» AIM OF THE EXERCISE
Could you reproduce the entries exactly, omitting every picture?

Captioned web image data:
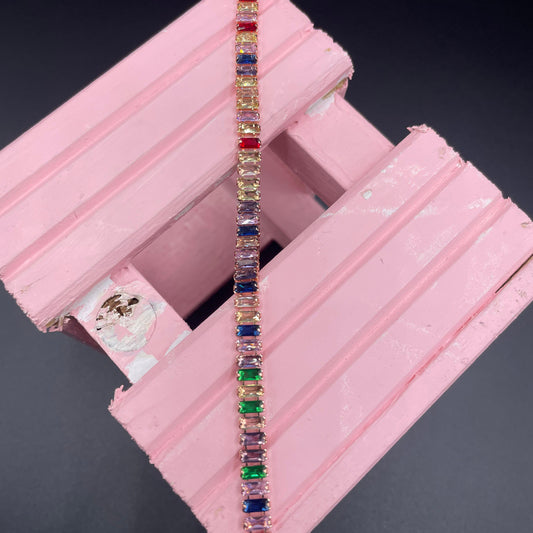 Elegant Luxury Gold Style Rectangle Shape Multi Zircon Bracelet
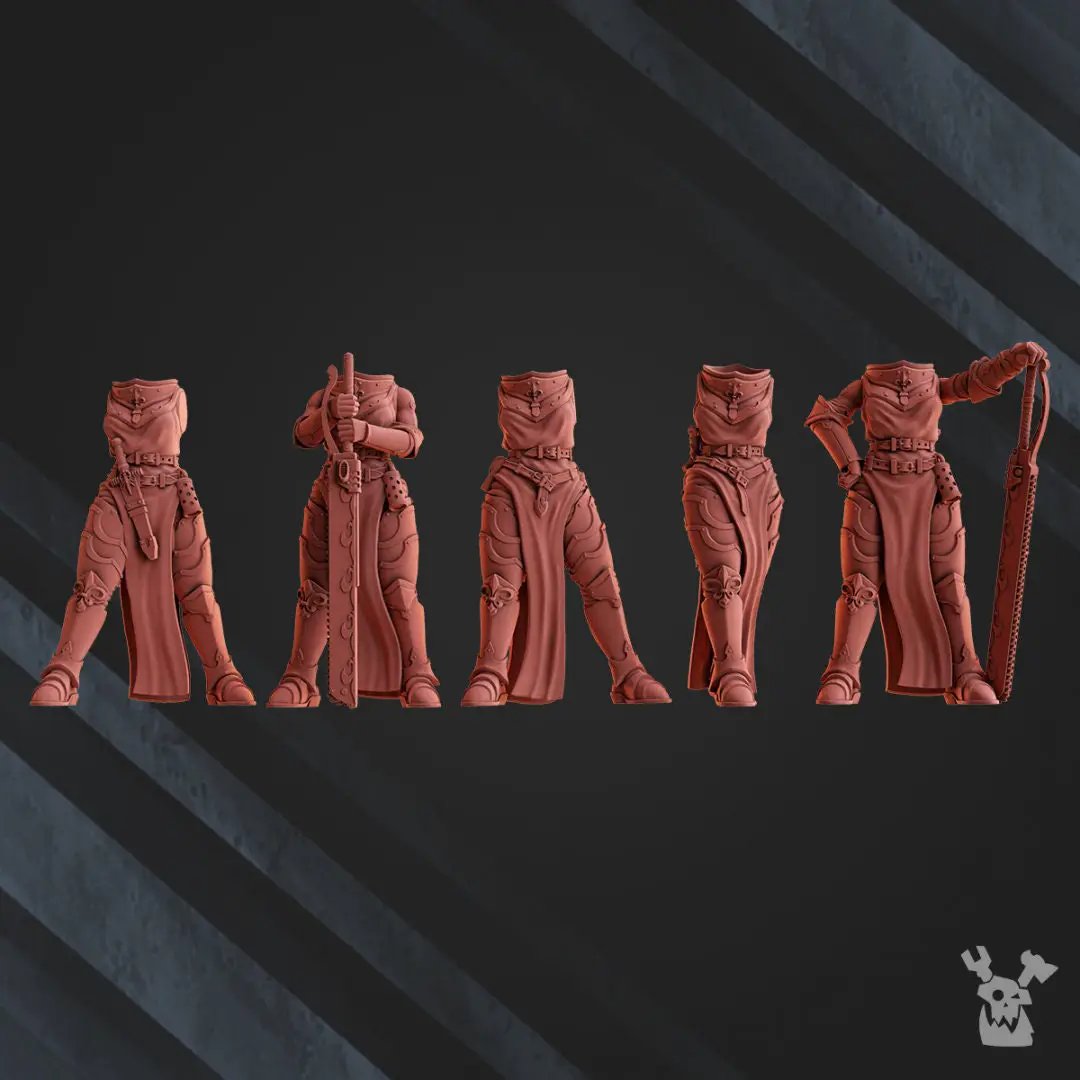 3D printed Battle Sisters squad of five models by Last Hope Miniatures, detailed Warhammer 40K miniatures from DakkaDakka.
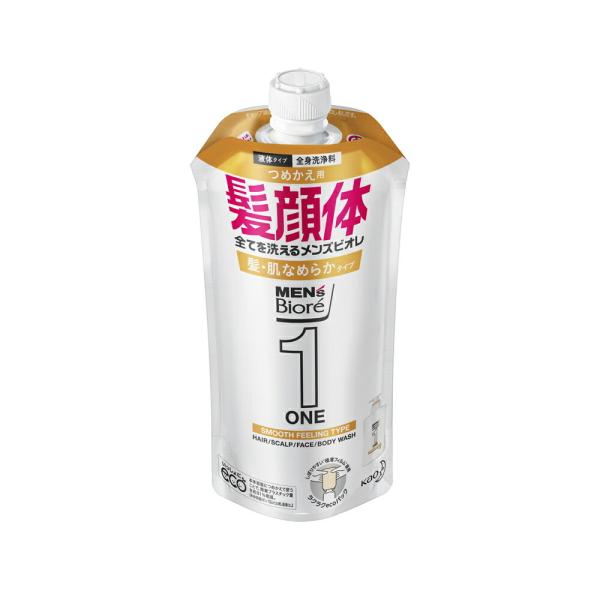 メンズビオレ ONE オールインワン全身洗浄料 髪・肌なめらかタイプ つめかえ用 340ml  花王...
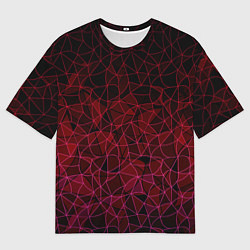 Мужская футболка оверсайз Темно-красный абстрактный узор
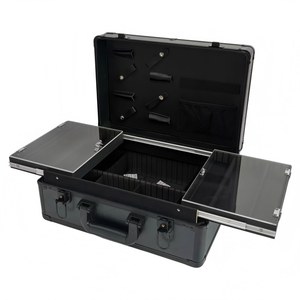 Estuche para Barbería con 6 Compartimentos Deslizantes para Máquinas Cortapelos, Caja <span class=keywords><strong>de</strong></span> <span class=keywords><strong>Herramientas</strong></span> <span class=keywords><strong>de</strong></span> Peluquería, Organizador <span class=keywords><strong>de</strong></span> Recortadoras, Caja <span class=keywords><strong>de</strong></span> Almacenamiento <span class=keywords><strong>de</strong></span> Metal, Maletín Portátil - Product Image 1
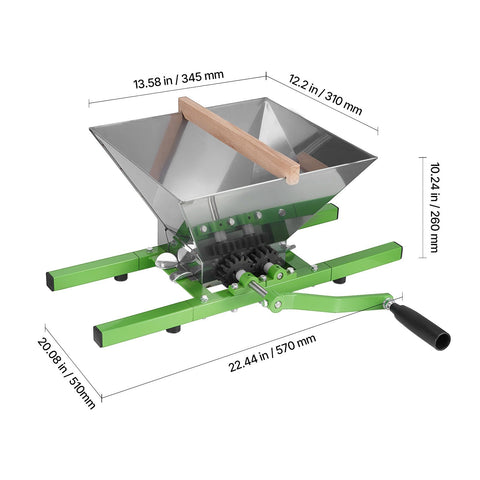1.8 Gal/7L Fruit and Apple Crusher, Large Manual Grinder, Stainless Steel Fruit Scratter Pulper for Wine Cider Apple Grape Pressing, with Roller Handle for Kitchen Home, Green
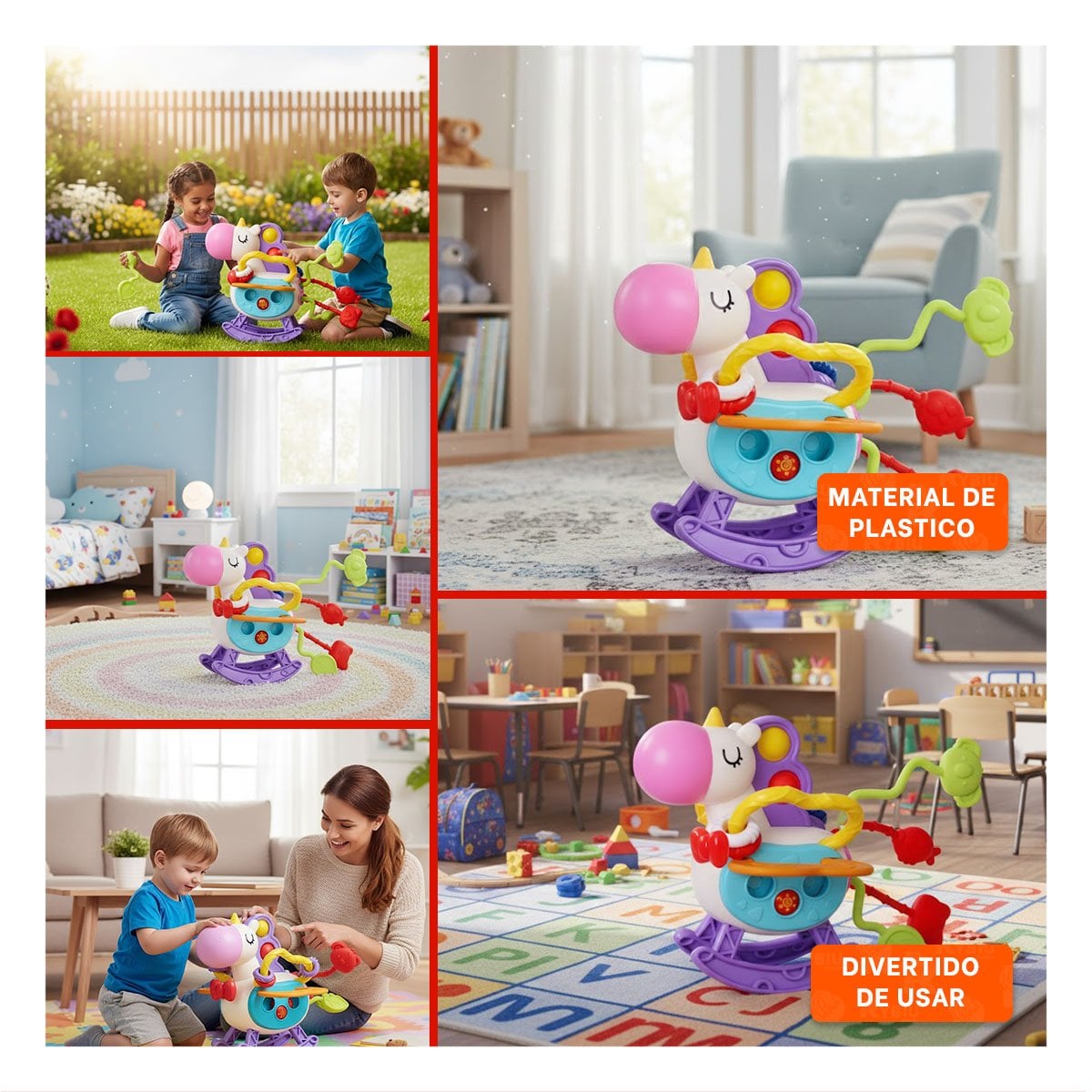 PACK6 EDUCATIVO SENSORIAL PARA BEBE UNICORNIO CON CUERDAS POP LILA Y BLANCO YPAPEL REGALO - 3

» RESPONSE BOX
 Elegant Luxury Gold Style Rectangle Shape Multi Zircon Bracelet
 3D printed Battle Sisters squad of five models by Last Hope Miniatures, detailed Warhammer 40K miniatures from DakkaDakka.
 メンズビオレ ONE オールインワン全身洗浄料 髪・肌なめらかタイプ つめかえ用 340ml  花王...
 Мужская футболка оверсайз Темно-красный абстрактный узор
 Estuche para Barbería con 6 Compartimentos Deslizantes para Máquinas Cortapelos, Caja <span class=keywords><strong>de</strong></span> <span class=keywords><strong>Herramientas</strong></span> <span class=keywords><strong>de</strong></span> Peluquería, Organizador <span class=keywords><strong>de</strong></span> Recortadoras, Caja <span class=keywords><strong>de</strong></span> Almacenamiento <span class=keywords><strong>de</strong></span> Metal, Maletín Portátil - Product Image 1
1.8 Gal/7L Fruit and Apple Crusher, Large Manual Grinder, Stainless Steel Fruit Scratter Pulper for Wine Cider Apple Grape Pressing, with Roller Handle for Kitchen Home, Green
 PACK6 EDUCATIVO SENSORIAL PARA BEBE UNICORNIO CON CUERDAS POP LILA Y BLANCO YPAPEL REGALO - 3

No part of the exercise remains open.